If the goal of monitoring our natural resources is to protect the environment, shouldn't the technology involved be sustainable as well? That's what VP Nguyen, assistant professor in the University of Massachusetts Amherst's Manning College of Information and Computer Sciences (CICS), is aiming to achieve under a $600,000 grant from the U.S. National Science Foundation to repurpose old smartphones into cameras and sensors that monitor the environment using renewable energy, battery-free computing and biodegradable materials.

"We want to make sure that the impact of our system to the environment is minimal," he says. "We reuse what people throw away, and then we make sure that in its afterlife, the device will not hurt the environment."

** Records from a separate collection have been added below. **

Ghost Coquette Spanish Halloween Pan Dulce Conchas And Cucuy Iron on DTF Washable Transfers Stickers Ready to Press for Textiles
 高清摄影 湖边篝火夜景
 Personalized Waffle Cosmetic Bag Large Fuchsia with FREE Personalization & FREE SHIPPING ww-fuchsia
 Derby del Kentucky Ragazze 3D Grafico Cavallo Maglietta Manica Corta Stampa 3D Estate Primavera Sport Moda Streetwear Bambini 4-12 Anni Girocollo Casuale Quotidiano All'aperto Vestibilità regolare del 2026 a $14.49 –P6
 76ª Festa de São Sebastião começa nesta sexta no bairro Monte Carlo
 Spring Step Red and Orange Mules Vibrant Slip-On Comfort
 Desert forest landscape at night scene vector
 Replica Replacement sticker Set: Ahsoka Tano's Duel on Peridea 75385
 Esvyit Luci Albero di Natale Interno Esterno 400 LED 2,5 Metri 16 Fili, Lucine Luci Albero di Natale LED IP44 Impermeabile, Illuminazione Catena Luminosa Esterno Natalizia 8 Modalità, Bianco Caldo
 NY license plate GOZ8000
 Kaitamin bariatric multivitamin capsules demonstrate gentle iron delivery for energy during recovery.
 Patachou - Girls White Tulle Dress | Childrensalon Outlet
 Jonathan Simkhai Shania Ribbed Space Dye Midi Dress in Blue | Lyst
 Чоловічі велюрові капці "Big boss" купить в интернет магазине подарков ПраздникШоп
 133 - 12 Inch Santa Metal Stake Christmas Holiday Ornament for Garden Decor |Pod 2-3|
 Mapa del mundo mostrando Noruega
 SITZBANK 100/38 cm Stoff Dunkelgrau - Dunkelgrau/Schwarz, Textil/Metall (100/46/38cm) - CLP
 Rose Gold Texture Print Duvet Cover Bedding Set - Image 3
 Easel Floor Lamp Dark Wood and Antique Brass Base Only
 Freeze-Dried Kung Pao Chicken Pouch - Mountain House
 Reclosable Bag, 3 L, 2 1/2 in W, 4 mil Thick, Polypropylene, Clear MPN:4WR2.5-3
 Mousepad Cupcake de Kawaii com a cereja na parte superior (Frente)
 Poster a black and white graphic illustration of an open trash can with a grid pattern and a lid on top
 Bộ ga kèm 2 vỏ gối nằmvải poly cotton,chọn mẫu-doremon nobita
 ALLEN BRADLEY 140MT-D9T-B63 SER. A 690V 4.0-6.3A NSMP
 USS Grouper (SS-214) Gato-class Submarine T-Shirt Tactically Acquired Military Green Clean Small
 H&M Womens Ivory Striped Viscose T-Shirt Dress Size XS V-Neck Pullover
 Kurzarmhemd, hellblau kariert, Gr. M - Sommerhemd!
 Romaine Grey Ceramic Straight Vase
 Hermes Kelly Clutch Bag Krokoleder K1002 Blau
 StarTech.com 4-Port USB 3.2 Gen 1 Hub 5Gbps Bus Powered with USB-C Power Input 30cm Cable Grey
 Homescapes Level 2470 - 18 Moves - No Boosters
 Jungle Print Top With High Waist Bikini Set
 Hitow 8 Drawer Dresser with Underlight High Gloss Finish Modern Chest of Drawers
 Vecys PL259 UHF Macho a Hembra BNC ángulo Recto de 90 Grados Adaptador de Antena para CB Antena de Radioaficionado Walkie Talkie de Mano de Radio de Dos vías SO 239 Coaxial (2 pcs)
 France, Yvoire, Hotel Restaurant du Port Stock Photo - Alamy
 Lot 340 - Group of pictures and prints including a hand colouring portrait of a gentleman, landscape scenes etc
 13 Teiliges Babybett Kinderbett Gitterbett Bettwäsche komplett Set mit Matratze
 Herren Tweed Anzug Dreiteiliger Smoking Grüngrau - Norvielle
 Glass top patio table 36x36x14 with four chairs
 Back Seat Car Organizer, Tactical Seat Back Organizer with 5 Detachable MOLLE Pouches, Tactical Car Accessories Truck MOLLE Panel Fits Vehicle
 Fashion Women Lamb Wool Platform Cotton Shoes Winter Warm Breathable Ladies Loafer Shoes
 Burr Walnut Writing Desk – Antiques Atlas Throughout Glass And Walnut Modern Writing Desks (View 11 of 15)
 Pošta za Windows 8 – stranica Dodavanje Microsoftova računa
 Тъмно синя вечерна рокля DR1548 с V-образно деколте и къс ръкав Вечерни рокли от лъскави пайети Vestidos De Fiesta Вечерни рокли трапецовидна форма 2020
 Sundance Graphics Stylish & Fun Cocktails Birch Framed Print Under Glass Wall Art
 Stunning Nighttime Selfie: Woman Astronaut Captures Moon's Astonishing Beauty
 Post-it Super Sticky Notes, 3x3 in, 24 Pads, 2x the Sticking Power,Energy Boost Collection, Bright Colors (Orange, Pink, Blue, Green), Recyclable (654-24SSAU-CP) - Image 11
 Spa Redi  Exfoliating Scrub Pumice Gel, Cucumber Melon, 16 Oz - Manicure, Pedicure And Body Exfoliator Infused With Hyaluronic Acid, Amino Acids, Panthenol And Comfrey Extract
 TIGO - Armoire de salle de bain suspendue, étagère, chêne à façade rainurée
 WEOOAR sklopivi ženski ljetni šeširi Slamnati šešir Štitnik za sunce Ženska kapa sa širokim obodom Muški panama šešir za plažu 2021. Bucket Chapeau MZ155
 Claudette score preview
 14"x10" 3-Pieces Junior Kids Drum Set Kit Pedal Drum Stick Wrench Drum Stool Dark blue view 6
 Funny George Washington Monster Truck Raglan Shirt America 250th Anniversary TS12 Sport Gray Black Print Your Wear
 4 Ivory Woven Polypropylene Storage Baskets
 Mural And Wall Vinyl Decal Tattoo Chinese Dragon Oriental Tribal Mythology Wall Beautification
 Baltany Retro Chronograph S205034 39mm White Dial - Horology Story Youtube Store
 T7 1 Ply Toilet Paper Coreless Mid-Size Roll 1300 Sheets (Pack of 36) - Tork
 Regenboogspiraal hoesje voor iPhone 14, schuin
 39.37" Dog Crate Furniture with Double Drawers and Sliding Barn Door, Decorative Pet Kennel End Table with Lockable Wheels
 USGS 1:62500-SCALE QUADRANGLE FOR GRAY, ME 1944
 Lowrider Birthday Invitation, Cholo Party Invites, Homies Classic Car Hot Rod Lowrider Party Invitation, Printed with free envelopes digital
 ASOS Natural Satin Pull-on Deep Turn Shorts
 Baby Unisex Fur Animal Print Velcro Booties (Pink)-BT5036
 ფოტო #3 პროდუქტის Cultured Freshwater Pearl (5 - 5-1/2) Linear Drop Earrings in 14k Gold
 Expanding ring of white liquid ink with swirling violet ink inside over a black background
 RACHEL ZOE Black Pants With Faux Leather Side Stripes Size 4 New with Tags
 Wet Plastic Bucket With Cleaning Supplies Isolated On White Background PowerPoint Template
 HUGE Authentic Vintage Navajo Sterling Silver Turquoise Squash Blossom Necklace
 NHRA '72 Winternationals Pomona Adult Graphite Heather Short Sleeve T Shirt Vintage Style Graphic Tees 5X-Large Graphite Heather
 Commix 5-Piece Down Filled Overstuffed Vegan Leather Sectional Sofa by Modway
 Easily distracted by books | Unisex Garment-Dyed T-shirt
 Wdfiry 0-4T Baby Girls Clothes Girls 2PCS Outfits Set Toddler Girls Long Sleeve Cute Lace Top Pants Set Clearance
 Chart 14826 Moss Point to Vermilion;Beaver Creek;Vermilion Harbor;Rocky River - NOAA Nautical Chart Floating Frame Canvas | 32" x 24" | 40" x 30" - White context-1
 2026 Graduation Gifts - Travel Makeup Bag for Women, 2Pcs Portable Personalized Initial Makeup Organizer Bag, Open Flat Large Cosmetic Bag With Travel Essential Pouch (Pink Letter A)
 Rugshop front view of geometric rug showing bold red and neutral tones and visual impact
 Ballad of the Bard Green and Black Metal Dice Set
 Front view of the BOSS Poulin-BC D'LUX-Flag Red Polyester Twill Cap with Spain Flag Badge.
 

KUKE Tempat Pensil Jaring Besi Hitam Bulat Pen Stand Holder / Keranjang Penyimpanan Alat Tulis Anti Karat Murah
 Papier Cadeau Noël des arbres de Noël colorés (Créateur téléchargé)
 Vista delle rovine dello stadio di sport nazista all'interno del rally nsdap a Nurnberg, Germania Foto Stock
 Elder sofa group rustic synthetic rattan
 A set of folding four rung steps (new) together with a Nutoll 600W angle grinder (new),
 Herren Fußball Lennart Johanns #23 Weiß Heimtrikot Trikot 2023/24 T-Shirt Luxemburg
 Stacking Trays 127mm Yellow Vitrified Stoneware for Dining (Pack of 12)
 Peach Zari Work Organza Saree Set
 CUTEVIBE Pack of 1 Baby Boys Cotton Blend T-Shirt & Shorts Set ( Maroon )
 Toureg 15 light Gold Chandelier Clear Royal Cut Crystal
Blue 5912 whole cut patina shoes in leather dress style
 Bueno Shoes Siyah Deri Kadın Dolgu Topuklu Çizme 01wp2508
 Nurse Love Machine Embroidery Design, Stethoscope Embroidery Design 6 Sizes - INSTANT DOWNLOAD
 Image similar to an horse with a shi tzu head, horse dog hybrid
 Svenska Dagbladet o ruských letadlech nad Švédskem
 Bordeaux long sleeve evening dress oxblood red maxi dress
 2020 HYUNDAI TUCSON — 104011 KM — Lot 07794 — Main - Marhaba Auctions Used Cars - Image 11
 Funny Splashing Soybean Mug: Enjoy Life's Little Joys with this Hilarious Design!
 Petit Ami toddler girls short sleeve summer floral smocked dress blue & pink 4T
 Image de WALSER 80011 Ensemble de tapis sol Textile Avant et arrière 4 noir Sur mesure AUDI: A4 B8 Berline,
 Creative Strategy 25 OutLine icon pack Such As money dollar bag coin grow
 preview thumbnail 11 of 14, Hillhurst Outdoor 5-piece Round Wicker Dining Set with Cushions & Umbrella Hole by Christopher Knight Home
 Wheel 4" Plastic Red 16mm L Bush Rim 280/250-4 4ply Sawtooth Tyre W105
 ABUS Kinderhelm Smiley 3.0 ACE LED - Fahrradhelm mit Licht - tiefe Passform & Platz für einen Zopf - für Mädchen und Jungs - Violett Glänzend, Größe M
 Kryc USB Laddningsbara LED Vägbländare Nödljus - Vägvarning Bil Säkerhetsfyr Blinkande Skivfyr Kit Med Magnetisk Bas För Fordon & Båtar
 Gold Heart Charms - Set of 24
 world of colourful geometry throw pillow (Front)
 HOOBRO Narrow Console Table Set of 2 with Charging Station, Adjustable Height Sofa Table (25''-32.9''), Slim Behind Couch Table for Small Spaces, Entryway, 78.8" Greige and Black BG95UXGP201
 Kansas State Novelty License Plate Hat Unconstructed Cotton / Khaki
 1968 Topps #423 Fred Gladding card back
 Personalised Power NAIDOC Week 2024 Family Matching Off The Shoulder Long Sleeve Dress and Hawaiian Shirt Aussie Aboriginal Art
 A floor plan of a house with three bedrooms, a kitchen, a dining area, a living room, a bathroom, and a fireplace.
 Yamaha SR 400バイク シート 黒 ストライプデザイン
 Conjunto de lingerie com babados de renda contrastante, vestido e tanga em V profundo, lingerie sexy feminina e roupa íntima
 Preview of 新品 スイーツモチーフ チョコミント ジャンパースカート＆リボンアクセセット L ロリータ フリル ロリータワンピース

People change out their phones every two to three years, on average, resulting in a lot of technological waste-or potential, from Nguyen's perspective. Even an old phone that no longer holds a charge likely has a camera that is more powerful than current monitoring cameras, and costs between $50 and $75, instead of $200 or more.

It's the battery that is the limiting factor. Batteries are excellent for storing energy, but they have a limited number of recharging cycles. "Buying new batteries defeats the whole purpose, because a new battery is expensive, and eventually, you have to replace the battery again," he explains. "If you keep buying batteries and then replacing them, that's not a very environmentally friendly solution either."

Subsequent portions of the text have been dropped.